Data =>
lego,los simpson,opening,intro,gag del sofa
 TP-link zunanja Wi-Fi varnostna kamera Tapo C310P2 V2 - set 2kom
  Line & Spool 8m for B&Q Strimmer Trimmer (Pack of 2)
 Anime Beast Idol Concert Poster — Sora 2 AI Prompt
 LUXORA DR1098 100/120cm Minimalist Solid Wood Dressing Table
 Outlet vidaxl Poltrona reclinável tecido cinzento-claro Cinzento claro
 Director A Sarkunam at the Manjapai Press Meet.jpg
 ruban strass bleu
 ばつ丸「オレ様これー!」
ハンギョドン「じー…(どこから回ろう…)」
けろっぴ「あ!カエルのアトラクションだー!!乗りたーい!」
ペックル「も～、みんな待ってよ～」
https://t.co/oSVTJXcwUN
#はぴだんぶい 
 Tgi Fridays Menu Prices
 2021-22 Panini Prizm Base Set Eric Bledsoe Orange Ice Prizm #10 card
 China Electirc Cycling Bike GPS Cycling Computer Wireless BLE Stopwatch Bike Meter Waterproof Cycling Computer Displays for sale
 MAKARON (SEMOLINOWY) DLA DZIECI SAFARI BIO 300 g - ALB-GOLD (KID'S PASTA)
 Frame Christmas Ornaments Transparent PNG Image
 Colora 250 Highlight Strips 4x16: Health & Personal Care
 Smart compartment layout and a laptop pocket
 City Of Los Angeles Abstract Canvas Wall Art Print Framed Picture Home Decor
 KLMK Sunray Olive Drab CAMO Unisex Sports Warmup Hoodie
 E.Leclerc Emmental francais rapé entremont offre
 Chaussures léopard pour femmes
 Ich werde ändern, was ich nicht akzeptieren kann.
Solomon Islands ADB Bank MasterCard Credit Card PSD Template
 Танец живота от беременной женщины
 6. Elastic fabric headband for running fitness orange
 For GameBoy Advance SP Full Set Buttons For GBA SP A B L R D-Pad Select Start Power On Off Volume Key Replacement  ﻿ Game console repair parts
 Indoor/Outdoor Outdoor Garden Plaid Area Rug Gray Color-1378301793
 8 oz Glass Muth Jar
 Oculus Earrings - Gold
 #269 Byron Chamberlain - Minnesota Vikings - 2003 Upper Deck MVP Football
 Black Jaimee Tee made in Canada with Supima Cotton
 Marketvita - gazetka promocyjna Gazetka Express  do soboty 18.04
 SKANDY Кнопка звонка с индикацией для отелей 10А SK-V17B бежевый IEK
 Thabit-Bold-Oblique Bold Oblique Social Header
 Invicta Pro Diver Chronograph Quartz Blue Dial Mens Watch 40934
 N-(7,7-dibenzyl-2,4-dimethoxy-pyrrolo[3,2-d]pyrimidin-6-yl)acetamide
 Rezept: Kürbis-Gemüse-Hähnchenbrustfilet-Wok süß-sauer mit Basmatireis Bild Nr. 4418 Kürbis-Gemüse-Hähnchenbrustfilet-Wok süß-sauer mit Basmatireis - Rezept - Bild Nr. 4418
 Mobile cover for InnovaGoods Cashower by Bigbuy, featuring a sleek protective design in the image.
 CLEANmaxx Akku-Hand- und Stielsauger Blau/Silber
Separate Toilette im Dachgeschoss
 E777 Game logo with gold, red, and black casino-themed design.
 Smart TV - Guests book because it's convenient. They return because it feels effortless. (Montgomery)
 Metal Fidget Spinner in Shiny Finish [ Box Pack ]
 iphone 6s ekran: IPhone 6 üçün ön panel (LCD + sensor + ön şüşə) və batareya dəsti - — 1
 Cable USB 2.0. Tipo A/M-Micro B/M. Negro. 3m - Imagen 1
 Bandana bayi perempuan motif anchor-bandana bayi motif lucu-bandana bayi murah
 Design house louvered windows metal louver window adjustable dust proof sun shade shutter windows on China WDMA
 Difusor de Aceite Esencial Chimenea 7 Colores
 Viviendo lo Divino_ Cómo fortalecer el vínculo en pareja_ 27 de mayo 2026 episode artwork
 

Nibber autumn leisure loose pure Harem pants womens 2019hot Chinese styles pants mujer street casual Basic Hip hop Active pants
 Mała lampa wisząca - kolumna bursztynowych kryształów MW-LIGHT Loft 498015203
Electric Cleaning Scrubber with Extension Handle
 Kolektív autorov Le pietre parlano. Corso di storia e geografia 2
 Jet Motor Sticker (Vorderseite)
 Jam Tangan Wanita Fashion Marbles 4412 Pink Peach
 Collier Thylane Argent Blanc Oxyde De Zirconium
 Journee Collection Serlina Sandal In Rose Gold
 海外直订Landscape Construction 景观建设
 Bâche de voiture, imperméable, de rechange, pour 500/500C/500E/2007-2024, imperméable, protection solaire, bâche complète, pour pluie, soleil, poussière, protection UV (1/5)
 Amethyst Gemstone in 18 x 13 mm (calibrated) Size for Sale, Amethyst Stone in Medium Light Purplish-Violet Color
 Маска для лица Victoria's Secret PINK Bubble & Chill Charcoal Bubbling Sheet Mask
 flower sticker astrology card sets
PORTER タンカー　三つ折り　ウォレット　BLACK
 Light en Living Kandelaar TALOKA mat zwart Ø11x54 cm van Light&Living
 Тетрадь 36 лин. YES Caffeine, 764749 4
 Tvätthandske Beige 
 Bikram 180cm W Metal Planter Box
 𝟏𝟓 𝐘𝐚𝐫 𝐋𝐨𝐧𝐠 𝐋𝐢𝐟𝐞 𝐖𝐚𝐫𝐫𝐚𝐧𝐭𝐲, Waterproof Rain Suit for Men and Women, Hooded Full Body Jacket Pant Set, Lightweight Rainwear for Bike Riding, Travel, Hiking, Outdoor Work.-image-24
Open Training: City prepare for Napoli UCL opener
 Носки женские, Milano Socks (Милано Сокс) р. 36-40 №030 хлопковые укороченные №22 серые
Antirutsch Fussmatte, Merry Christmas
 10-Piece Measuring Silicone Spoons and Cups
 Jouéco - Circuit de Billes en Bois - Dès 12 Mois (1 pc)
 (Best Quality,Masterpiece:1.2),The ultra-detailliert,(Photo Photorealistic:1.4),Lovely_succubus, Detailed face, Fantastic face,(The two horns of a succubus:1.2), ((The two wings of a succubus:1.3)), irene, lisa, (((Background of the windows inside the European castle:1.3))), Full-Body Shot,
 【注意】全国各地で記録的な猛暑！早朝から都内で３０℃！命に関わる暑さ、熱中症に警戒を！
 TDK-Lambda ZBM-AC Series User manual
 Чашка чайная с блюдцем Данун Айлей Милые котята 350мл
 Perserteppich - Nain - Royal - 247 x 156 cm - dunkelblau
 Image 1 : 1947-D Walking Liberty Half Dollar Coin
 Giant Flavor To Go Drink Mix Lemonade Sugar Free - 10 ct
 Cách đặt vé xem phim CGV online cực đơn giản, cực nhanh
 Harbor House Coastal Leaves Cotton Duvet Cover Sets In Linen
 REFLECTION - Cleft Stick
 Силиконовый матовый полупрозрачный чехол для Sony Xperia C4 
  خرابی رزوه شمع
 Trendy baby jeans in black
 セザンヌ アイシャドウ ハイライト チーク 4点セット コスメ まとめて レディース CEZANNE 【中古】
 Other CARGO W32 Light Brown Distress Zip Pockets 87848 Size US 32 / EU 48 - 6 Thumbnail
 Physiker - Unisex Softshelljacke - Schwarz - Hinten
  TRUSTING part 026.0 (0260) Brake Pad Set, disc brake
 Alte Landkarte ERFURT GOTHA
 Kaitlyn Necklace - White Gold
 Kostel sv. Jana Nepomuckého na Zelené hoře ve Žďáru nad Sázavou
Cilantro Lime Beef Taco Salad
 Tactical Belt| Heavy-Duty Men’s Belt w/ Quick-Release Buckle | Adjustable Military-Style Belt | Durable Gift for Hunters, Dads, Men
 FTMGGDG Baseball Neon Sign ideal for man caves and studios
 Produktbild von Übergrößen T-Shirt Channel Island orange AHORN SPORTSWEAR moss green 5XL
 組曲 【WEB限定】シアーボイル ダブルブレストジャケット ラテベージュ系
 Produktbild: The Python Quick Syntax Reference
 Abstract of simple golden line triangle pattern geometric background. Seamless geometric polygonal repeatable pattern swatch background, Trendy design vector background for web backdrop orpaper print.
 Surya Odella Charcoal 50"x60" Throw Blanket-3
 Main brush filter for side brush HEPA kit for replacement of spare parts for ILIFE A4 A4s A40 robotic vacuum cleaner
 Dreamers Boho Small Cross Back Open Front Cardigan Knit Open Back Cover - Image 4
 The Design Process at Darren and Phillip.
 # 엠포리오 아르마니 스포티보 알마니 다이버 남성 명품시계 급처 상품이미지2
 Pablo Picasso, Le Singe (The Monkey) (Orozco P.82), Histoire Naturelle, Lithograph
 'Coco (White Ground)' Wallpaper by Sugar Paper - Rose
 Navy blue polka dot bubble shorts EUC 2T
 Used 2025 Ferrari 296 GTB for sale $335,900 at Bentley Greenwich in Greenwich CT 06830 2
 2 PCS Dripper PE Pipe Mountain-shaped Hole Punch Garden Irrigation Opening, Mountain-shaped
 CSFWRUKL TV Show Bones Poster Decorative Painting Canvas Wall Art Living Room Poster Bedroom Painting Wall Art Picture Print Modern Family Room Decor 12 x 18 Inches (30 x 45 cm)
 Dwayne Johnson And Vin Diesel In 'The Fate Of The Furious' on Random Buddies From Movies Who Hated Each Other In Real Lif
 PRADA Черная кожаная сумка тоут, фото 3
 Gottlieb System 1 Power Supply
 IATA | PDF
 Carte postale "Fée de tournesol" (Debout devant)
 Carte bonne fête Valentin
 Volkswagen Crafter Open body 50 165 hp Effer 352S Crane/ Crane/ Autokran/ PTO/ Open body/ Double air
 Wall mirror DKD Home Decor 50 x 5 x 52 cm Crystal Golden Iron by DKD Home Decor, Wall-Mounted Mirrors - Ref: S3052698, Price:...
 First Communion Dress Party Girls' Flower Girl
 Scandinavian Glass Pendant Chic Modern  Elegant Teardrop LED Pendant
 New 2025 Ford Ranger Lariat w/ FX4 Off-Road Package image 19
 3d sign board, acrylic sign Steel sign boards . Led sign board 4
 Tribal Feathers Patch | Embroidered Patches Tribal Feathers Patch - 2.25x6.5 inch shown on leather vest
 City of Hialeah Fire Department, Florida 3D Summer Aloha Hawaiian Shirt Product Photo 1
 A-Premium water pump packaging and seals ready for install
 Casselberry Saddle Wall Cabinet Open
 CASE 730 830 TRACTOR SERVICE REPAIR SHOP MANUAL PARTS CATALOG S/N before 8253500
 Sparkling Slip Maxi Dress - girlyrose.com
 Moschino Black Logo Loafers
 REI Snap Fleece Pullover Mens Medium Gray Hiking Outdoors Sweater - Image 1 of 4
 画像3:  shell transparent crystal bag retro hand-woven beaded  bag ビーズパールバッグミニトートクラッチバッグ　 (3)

What to work on => Retype, exactly and in full, the lines above from the one containing "Jam Tangan Wanita" through the one containing "PORTER タンカー　三つ折り　ウォレット　BLACK".

Solution to this problem =>
 Jam Tangan Wanita Fashion Marbles 4412 Pink Peach
 Collier Thylane Argent Blanc Oxyde De Zirconium
 Journee Collection Serlina Sandal In Rose Gold
 海外直订Landscape Construction 景观建设
 Bâche de voiture, imperméable, de rechange, pour 500/500C/500E/2007-2024, imperméable, protection solaire, bâche complète, pour pluie, soleil, poussière, protection UV (1/5)
 Amethyst Gemstone in 18 x 13 mm (calibrated) Size for Sale, Amethyst Stone in Medium Light Purplish-Violet Color
 Маска для лица Victoria's Secret PINK Bubble & Chill Charcoal Bubbling Sheet Mask
 flower sticker astrology card sets
PORTER タンカー　三つ折り　ウォレット　BLACK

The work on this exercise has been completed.